(Dataset entries)
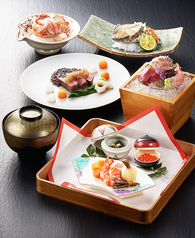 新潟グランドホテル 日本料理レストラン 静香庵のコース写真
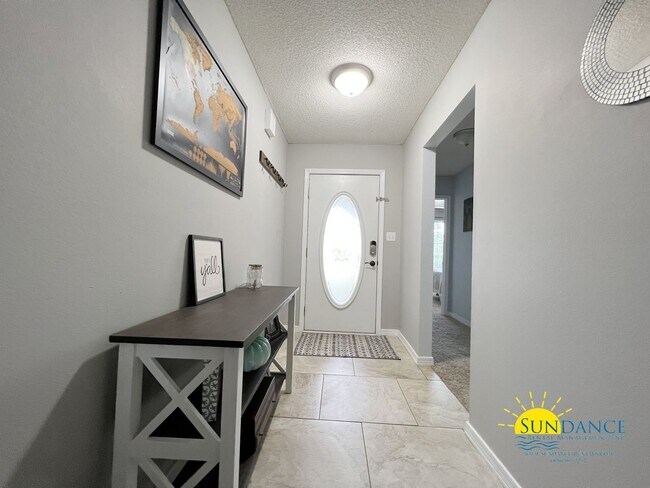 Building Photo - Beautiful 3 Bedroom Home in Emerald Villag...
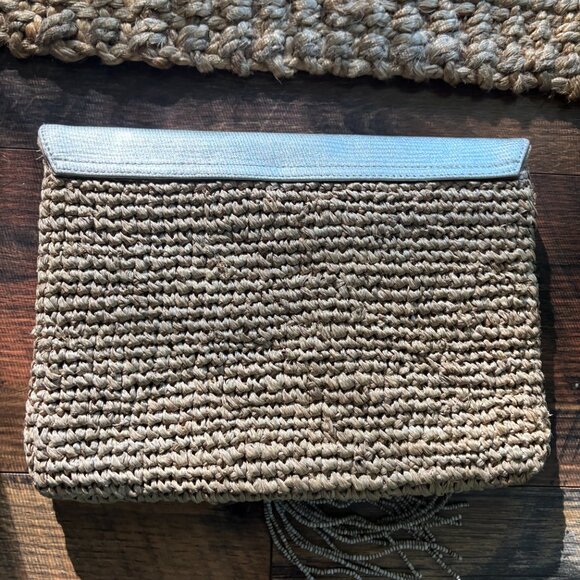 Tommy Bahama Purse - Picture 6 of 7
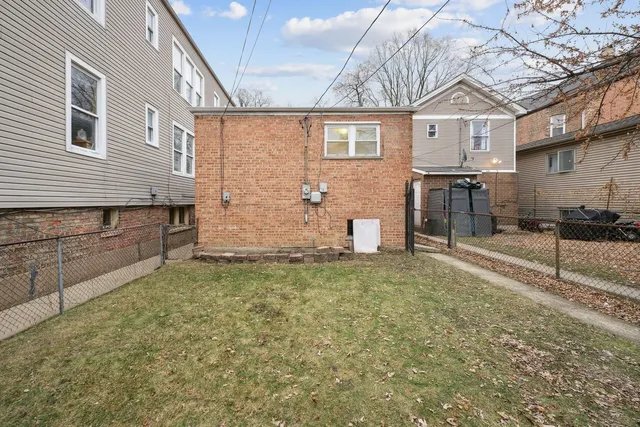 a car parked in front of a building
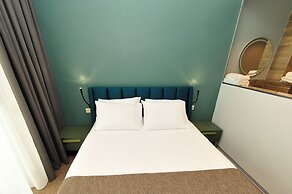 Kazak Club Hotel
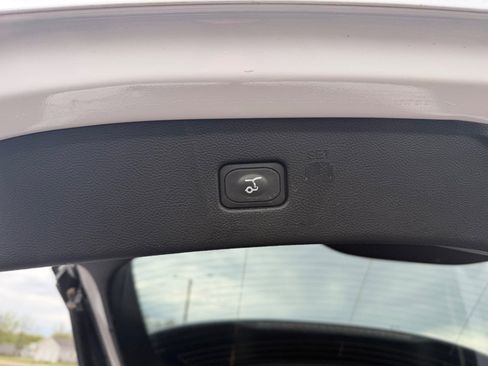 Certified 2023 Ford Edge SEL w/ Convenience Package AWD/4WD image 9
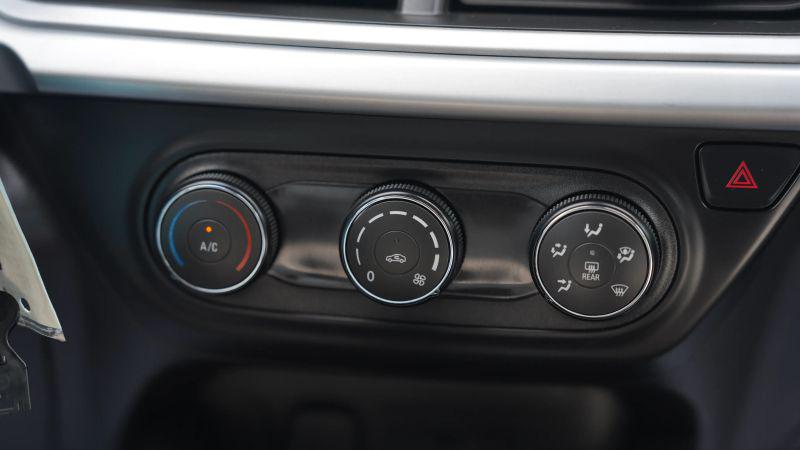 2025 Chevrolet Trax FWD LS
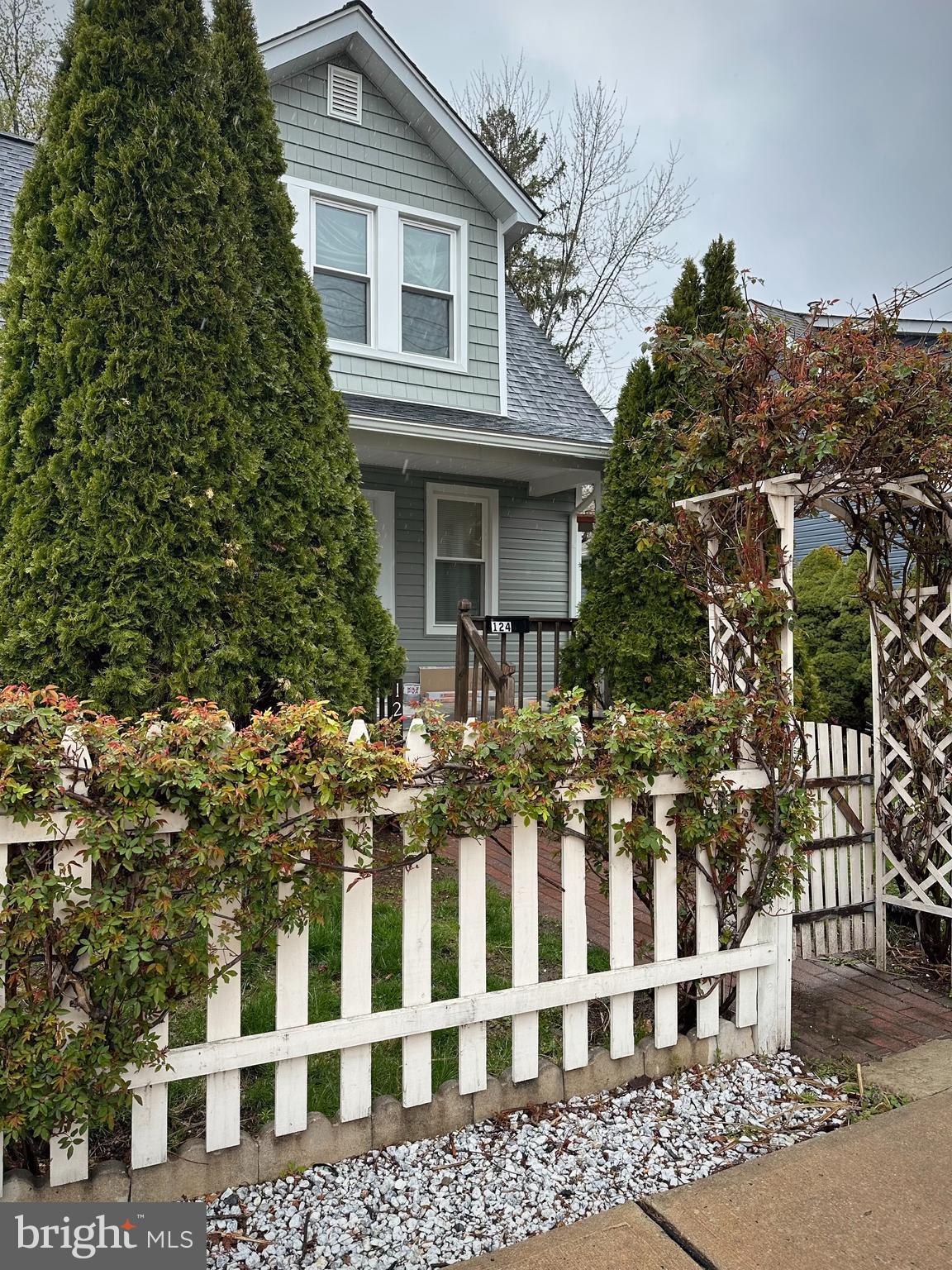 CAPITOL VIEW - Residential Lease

WHAT TO PRODUCE:
Could you return each entry word for word, with the images omitted?

SOLUTION:
 新潟グランドホテル 日本料理レストラン 静香庵のコース写真
 Building Photo - Beautiful 3 Bedroom Home in Emerald Villag...
 Tommy Bahama Purse - Picture 6 of 7
 a car parked in front of a building
 Kazak Club Hotel
 Certified 2023 Ford Edge SEL w/ Convenience Package AWD/4WD image 9
 2025 Chevrolet Trax FWD LS
 CAPITOL VIEW - Residential Lease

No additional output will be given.